### GIVEN RECORDS
Start of Block

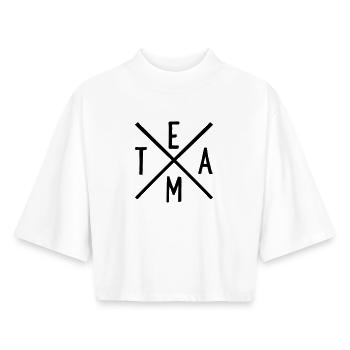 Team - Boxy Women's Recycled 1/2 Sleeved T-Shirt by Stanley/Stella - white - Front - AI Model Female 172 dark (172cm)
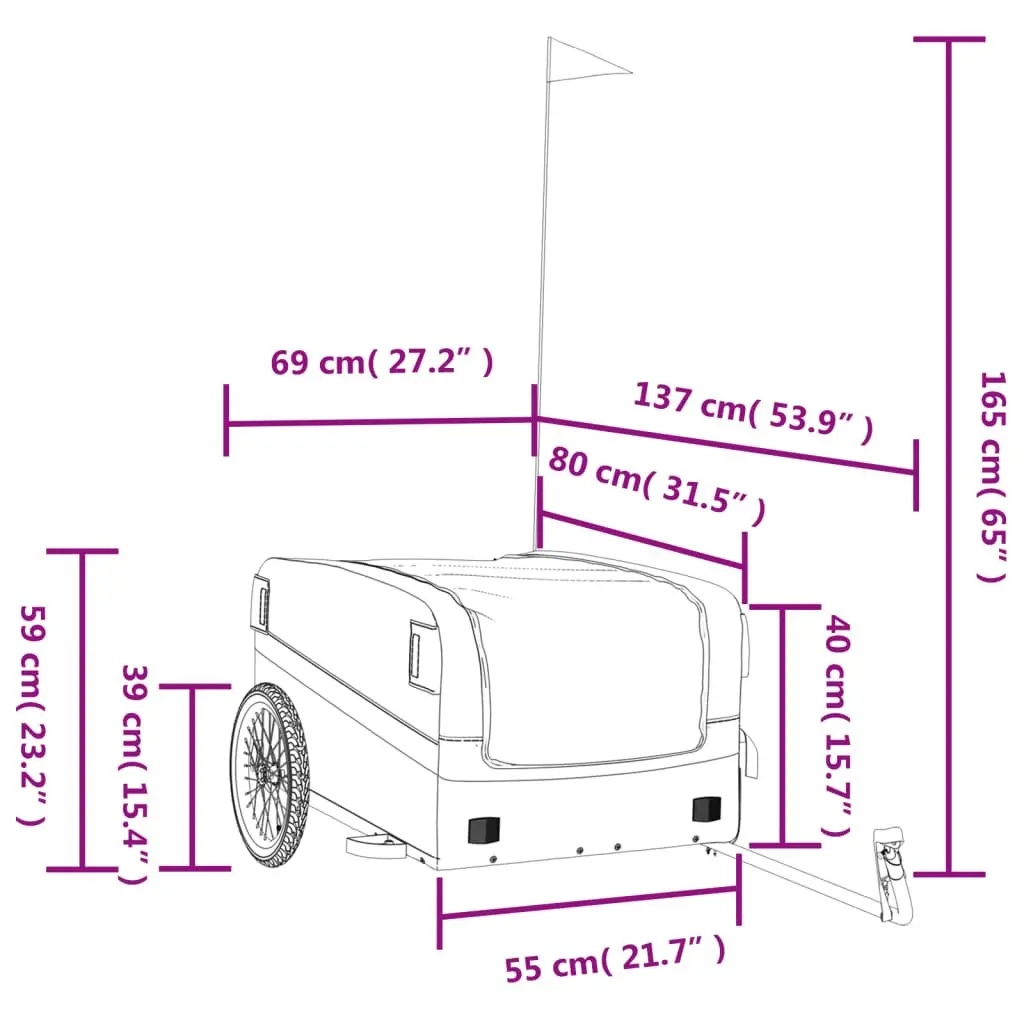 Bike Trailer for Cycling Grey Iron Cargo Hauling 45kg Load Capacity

End of Block
Start of Block

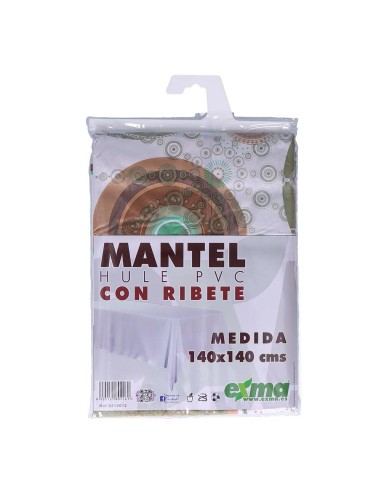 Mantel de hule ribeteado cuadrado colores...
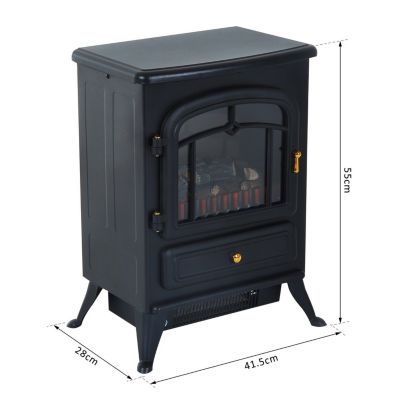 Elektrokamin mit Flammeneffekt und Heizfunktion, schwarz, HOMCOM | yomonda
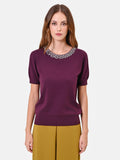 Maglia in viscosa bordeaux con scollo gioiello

End of Block

### WORK INSTRUCTION
An exact transcription is needed of the lines from the one with "Elektrokamin mit Flammeneffekt" to the one with "Maglia in viscosa" above, both ends included, with pictures left out.

### THE ANSWER
 Elektrokamin mit Flammeneffekt und Heizfunktion, schwarz, HOMCOM | yomonda
 Maglia in viscosa bordeaux con scollo gioiello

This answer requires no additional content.